Power to Gas: innovative contribution to energy turnaround

E.ON is developing a pilot plant in Falkenhagen in the north east of Germany to convert power from wind energy into hydrogen which can then be stored in the country’s gas grid. The company is investing over EUR5 million on the pilot plant and further research into this innovative technology.

Using power from renewable energy sources, the plant will produce about 360 m³ of hydrogen per hour from 2013 onwards through electrolysis. The hydrogen will be fed into the Ontras gas pipeline system and be used like normal natural gas. This makes the gas grid a storage system for power from weather-dependent renewables.

And now, for something completely different -

"Unnatural Gas" Methane that contains 50 percent fossil fuel energy (from coal) and 50 percent renewable energy (from wind and/or solar). 

Methane from Coal and Hydrogen

Add 2 molecules of hydrogen to an atom of carbon and you have a new fuel (methane) that:

• possesses TWICE the energy content of the hydrogen molecules, 
• can be transmitted through natural gas pipelines, 
• can be used in any appliance that runs on natural gas, and 
• can be used as fuel in any engine, fuel cell, trigeneration power system or power station that runs on natural gas to generate electricity. 
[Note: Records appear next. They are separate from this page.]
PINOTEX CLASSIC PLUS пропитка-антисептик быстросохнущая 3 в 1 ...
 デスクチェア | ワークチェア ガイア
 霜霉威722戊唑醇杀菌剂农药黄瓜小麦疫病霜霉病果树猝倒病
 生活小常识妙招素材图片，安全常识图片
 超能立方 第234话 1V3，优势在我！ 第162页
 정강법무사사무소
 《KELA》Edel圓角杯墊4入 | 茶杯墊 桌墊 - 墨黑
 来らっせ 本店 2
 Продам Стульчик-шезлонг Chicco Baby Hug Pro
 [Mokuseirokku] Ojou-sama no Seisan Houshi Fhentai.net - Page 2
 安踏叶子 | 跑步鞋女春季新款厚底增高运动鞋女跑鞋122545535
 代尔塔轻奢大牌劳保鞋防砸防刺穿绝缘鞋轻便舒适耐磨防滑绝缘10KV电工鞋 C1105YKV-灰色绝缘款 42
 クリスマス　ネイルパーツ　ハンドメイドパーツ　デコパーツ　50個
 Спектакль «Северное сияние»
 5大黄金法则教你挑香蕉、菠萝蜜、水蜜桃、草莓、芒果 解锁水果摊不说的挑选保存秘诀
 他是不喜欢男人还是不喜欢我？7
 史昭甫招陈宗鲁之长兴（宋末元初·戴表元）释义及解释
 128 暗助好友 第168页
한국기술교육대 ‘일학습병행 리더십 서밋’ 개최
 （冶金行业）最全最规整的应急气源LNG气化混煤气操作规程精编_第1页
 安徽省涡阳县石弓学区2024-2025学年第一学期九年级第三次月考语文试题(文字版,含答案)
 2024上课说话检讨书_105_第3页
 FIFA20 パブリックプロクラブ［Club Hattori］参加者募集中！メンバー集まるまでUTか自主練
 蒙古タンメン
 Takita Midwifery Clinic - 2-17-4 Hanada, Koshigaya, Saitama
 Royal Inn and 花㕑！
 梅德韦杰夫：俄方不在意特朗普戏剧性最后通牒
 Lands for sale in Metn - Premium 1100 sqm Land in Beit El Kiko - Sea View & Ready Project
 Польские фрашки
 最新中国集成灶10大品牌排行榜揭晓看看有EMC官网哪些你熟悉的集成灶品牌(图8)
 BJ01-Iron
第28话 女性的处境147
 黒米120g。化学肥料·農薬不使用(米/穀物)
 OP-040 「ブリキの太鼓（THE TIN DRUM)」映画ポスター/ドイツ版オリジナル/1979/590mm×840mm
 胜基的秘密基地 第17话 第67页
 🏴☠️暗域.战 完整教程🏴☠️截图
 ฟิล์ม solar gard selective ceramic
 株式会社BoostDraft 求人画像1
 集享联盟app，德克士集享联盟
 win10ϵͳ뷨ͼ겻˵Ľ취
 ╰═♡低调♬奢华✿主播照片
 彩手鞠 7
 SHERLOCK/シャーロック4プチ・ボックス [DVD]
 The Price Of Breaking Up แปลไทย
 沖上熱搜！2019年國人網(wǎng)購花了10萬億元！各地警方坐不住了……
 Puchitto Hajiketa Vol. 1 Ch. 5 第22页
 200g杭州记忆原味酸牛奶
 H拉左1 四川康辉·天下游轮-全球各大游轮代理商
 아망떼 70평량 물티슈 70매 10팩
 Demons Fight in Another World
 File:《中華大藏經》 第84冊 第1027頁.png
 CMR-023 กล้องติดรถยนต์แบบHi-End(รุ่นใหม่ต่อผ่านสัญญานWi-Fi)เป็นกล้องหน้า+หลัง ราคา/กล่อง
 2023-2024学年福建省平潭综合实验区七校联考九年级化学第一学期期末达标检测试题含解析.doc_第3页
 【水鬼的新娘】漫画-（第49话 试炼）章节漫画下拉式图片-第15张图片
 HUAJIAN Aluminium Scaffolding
In comparison, coal is far more limited. For example, natural-gas fueled power stations can achieve 60 percent efficiency. Coal-fired power stations can achieve little over 35-40 percent efficiency. Coal cannot be transmitted through natural gas pipelines so it cannot be easily distributed for fuel in trigeneration power systems.

Coal gasification technology can convert coal to methane and carbon dioxide. With carbon capture and storage, this carbon dioxide could be stored. The methane that is produced possesses about the SAME amount of energy that the coal contained before  being gasified.

However, if coal is converted into methane by combining it with hydrogen, no carbon dioxide is produced during conversion. There is no need for carbon capture and storage technology. The methane that is produced possesses about TWICE the energy that the coal contained before being gasified.

Dr  Waidhas  of Siemens' Industry Division notes about hydrogen from renewables: "If you combine the efficiency of the electrolysis (approx. 75 percent) with that of a gas turbine (around 60 percent in combined cycle operation with a steam turbine), the resulting “energy-recirculation” process would still exploit up to 45 percent of the original energy."

By combining that hydrogen with coal to form methane then using this methane in a trigeneration power system, the result is a little different -

• Combining the efficiency of the electrolysis (approx. 75 percent) with that of a trigeneration power system  (around 80 percent), the resulting “energy-recirculation” process would exploit up to 60 percent of the original energy. 
• Converting the coal to methane and using it in a trigeneration power system (approx. 80 percent efficient) instead of a coal-fired power station (about 40 percent) would exploit 200 percent of the original output energy. 

The overall effect is that total energy delivered is equal to the output of the coal from a coal-fired power station plus 90 percent of the original renewable energy.

An example illustrates these results: 10 KWh original renewable energy will directly contribute about 6 KWh after the electrolysis, hydrogasifier and trigeneration cycle. The coal added in the  hydrogasifier will deliver about the same amount of energy - another 6 KWh. Had this coal been used as fuel in a coal-fired power station, it would have delivered only 3 KWh.

Thus, the total output of 12 KWh is equivalent to the original 3 KWh from the coal plus 9 KWh of the original 10 KWh from the renewable energy source.